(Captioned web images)
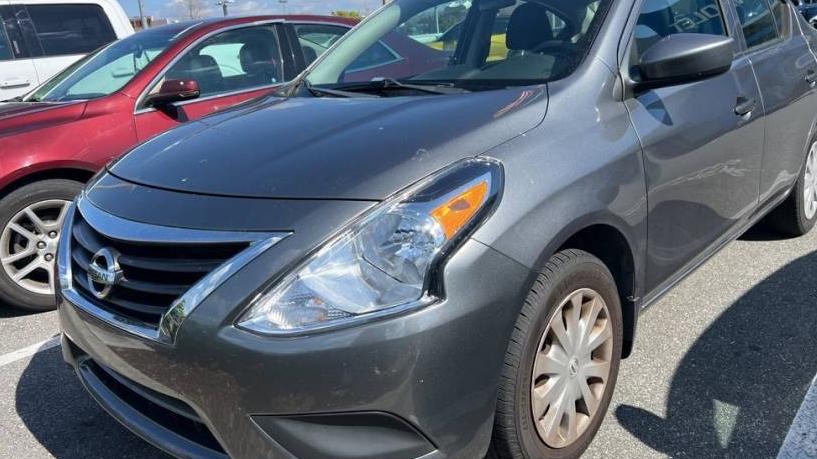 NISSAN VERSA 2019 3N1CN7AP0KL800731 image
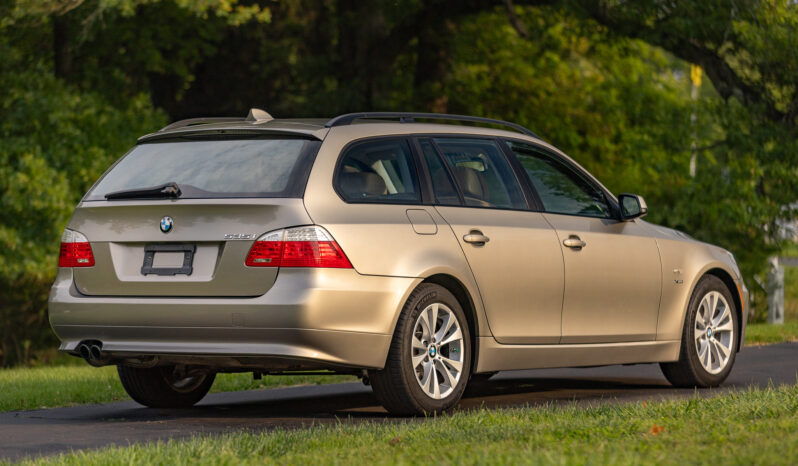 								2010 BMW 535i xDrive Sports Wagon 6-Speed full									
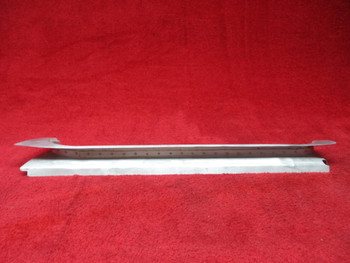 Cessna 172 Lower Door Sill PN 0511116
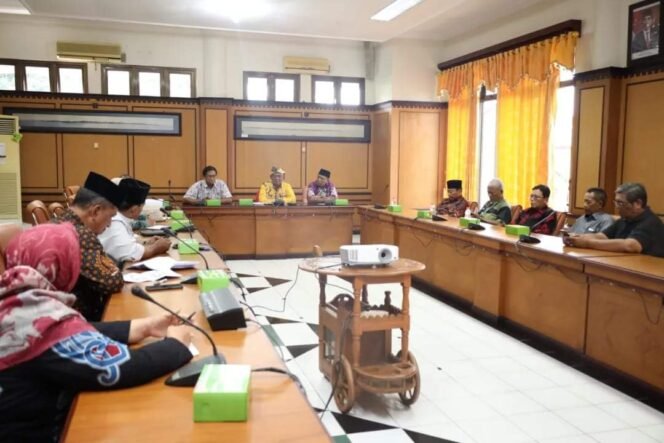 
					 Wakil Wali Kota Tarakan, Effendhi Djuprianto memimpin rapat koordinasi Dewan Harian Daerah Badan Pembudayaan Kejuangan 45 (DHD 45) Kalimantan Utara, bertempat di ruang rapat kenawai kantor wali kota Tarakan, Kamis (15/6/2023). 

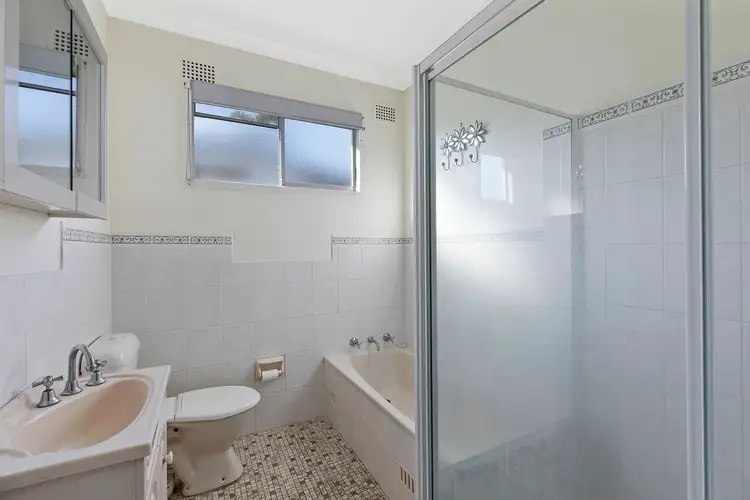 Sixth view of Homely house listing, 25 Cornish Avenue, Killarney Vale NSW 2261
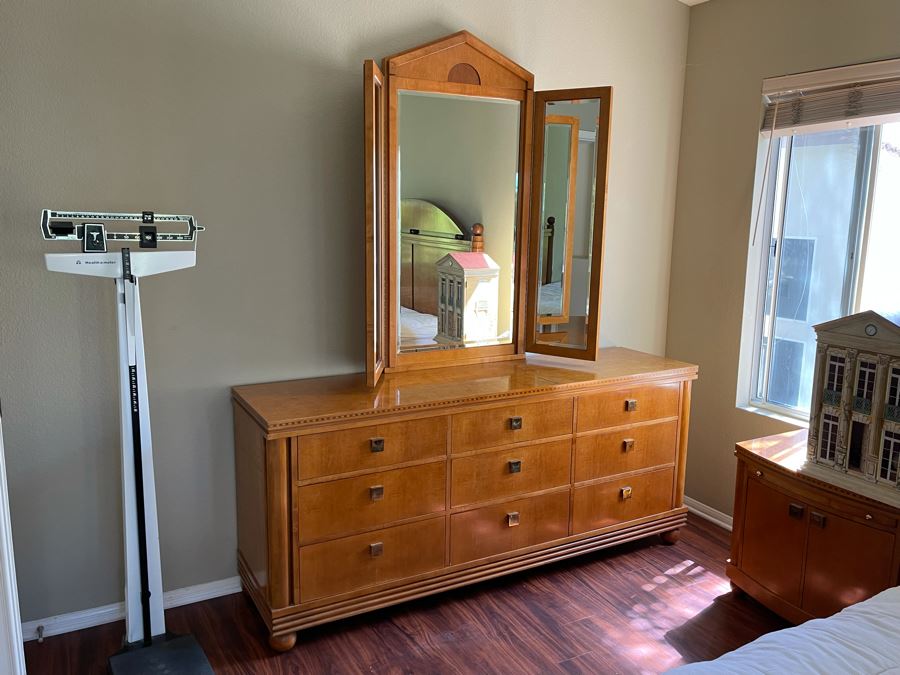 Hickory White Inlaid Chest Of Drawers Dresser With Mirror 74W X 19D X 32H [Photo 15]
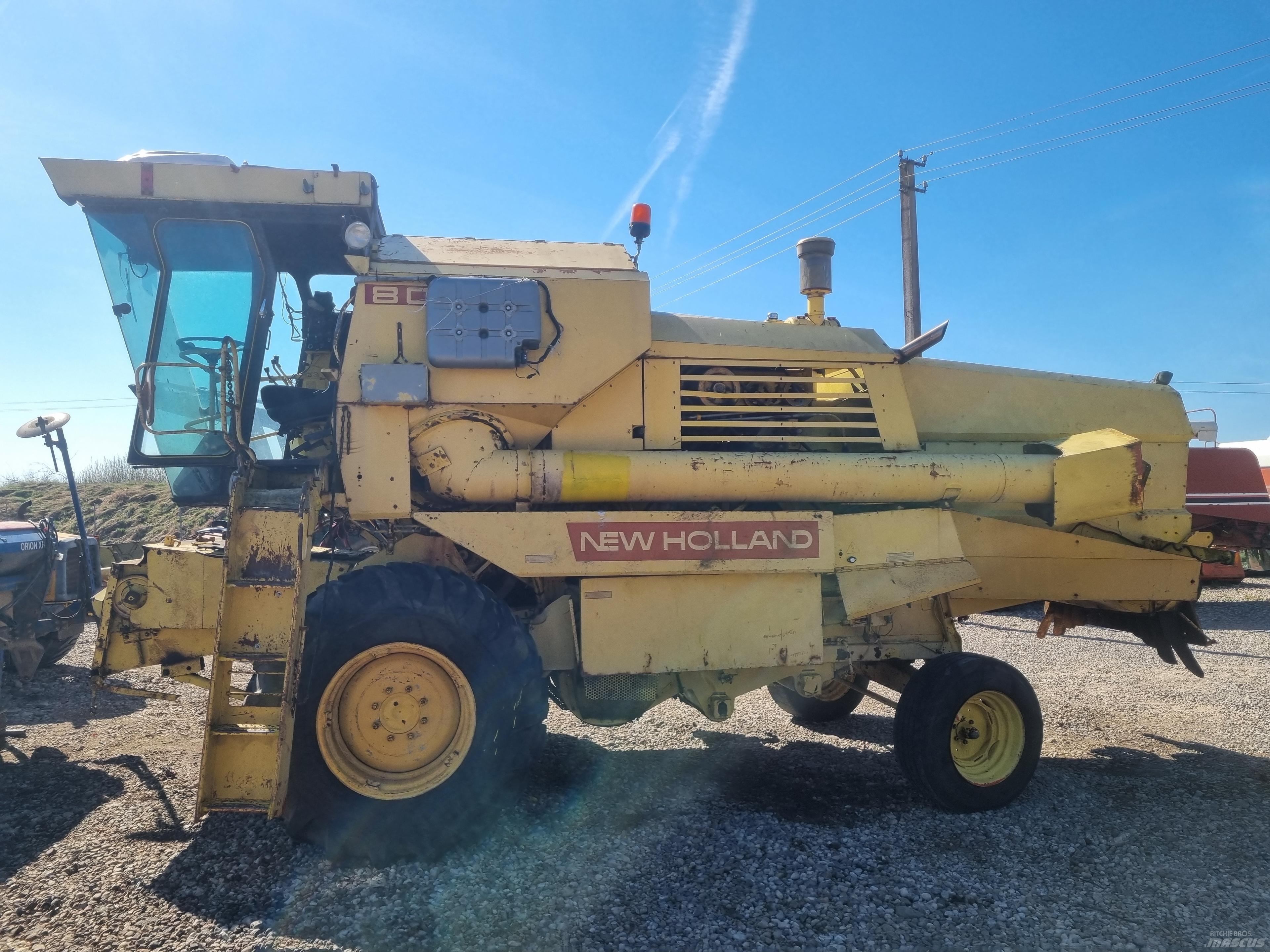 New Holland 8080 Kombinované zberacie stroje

Task brief —
Your copy must hold exactly the lines from the one with "Sixth view of" to the end of the records above, both included, and no pictures.

Response to this task —
 Sixth view of Homely house listing, 25 Cornish Avenue, Killarney Vale NSW 2261
 Hickory White Inlaid Chest Of Drawers Dresser With Mirror 74W X 19D X 32H [Photo 15]
 New Holland 8080 Kombinované zberacie stroje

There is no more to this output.